Piazza is commonly used in English - especially when talking about italian squares - but Duo does not accept it. On the other hand it does accept Plaza - the Spanish word - which is also used in English but is just as "foreign" as piazza.
Same for me. Both plaza and piazza should be accepted. Especially as their own exercises show the translation of piazza as plaza.
Both should be accepted.
Edited: still not accepted February 2018
It can be used, but is not English. This is not a Spanish course... (Plaza = Lugar ancho y espacioso en el interior de una población al que generalmente afluyen varias calles)
We've taken it as a loan word in English. A good portion of our language is loan words. Plaza is very commonly used, especially in the Southwest USA.
...but there are loans and loans. Some are necessary (the 70% of English, I read, comes from Latin through the French invasion) others are "optional" or peculiar of a certain limited area and DL can not offer all the possible translations
American, Midwest. I have only ever heard 'piazza' used here when naming an Italian site. that suggests that it isn't acceptable as an English (US) translation, not that it is acceptable. on the other hand, plaza is used in many place names, movies, literature and everyday speech, it should be accepted.
It did not accept "plaza" for me today (3/20/2018), although I do think it is a closer translation than "square."
"full of people" and "crowded" are pretty much the same thing.
I think in Italian "piena di gente" and "affollata" are probably also very close in meaning.
So what about translating "full of people" as "piena di gente" and "crowded" as "affolata"?
Why would you want to cross-translate and lose some of the wonderful finegrained shades of meaning language can show?
Thank you very much for your answer!
It makes perfect sense!
Sorry I've just seen your answer 1 year later!
Probably not, because "crowded" is not necessarily the same as "full of people." My basement is crowded, but only because I have too much stuff in it.
I saw "plaza" accepted many times on Duolingo that's why it surprised me. But with two not exact words in my sentence I understand why it is not accepted as a correct answer. Thank you.
they recommend "place" or "square" as translation but when you write place it is wrong. is "place" even a good translation for piazza?
In the Spanish course, "Plaza" is accepted for "la plaza" which are of course the English/Spanish translations of la piazza - as well as "square" (as in "town-square").
Someone at Duo has a hair out of place, it seems.
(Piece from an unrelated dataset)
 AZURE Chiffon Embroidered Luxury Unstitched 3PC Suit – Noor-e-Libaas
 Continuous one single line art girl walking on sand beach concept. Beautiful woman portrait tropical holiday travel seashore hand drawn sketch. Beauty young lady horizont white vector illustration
Duo has apparently switched the correct answer because NOW it's saying that my translation of "piazza" to "plaza" is incorrect. "Plaza" is the English word for this type of urban space--we ONLY use "piazza" when talking about an Italian plaza.
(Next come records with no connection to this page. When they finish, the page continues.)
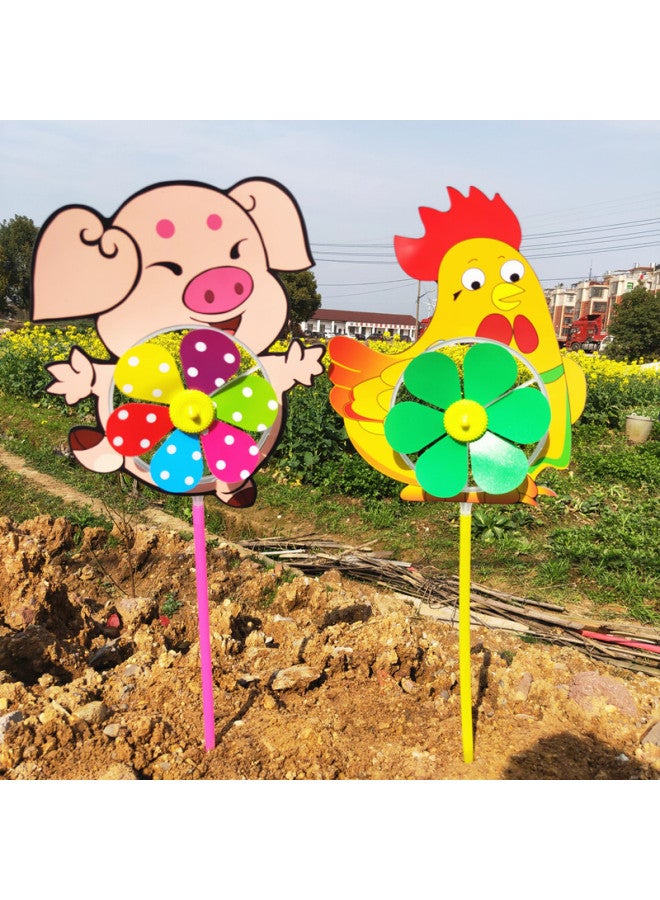 Children's Cartoon Big Windmill Toy Outdoor Large Thickened Tear Unbreakable Thickened Plastic Decoration Activity Stall-Color:Zodiac Windmill (Caterpillar) - Image 3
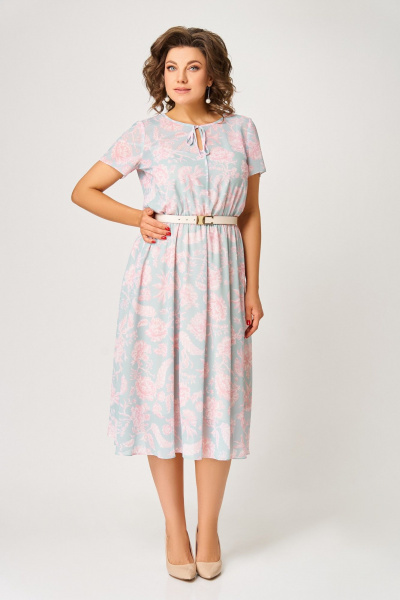 Платье Swallow 861 нежно-мятный/цветы - фото 2
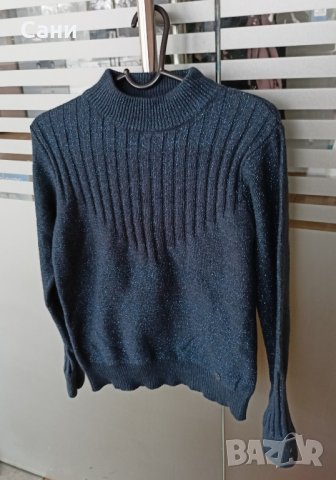 Тъмно син пуловер , снимка 2 - Блузи с дълъг ръкав и пуловери - 44398667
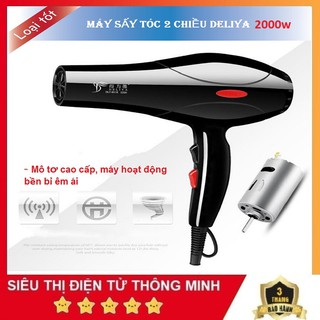 Máy Sấy Tóc Deliya, Công Suất Lớn 2000w Tỏa Nhiệt Mạnh Đều - 2 Công Tắc Chỉnh Gió Nhiệt Riêng Biệt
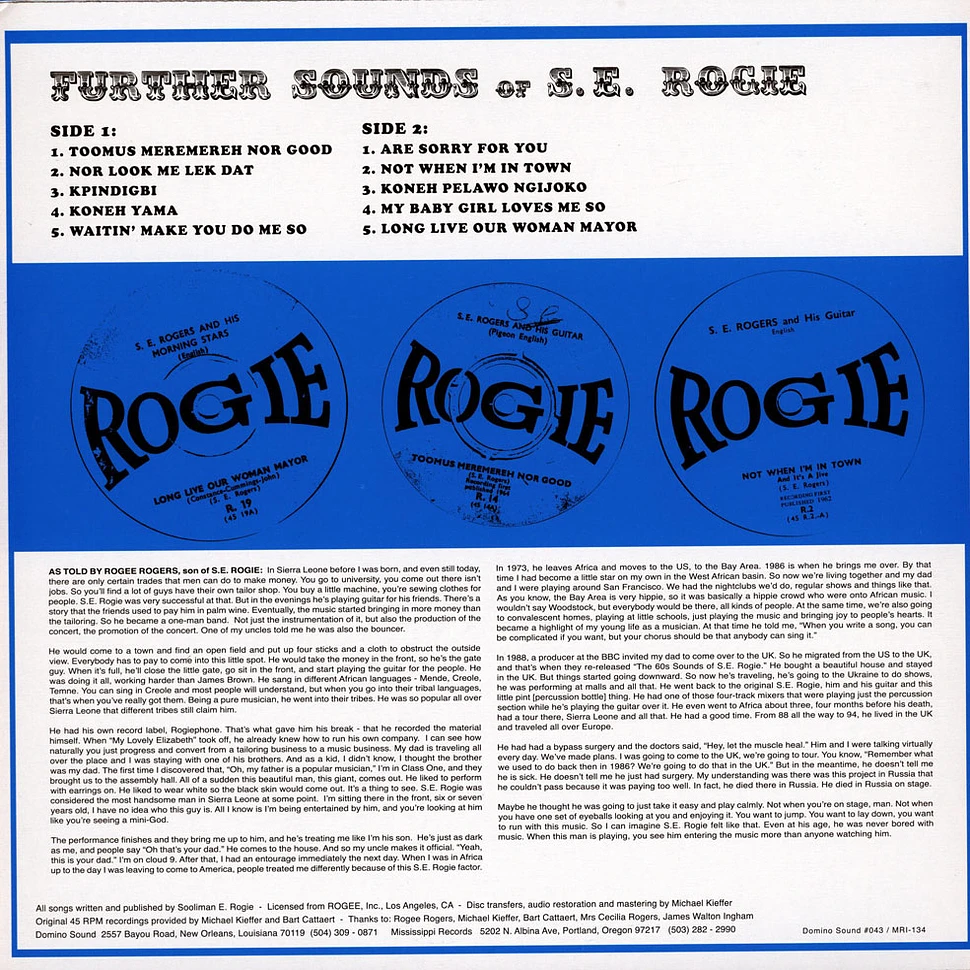 S.E. Rogie - Further Sounds Of S.E. Rogie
I answered "The plaza is full of people." Plaza and piazza should be interchangeable
Now it won't accept plaza. Why not? That is the English borrowed word from Spanish for the same thing.
"The square is full of people" is accepted - which is in my opinion the best translation (better than "plaza" and much better than "piazza")
Now they changed the "right" translation: "filled with people" and "full" is WRONG. Dl, DL!!!
Why is it 'di gente'? For grammar, I thought gente was treated as feminine, sigle. So wouldn't it be 'della gente'?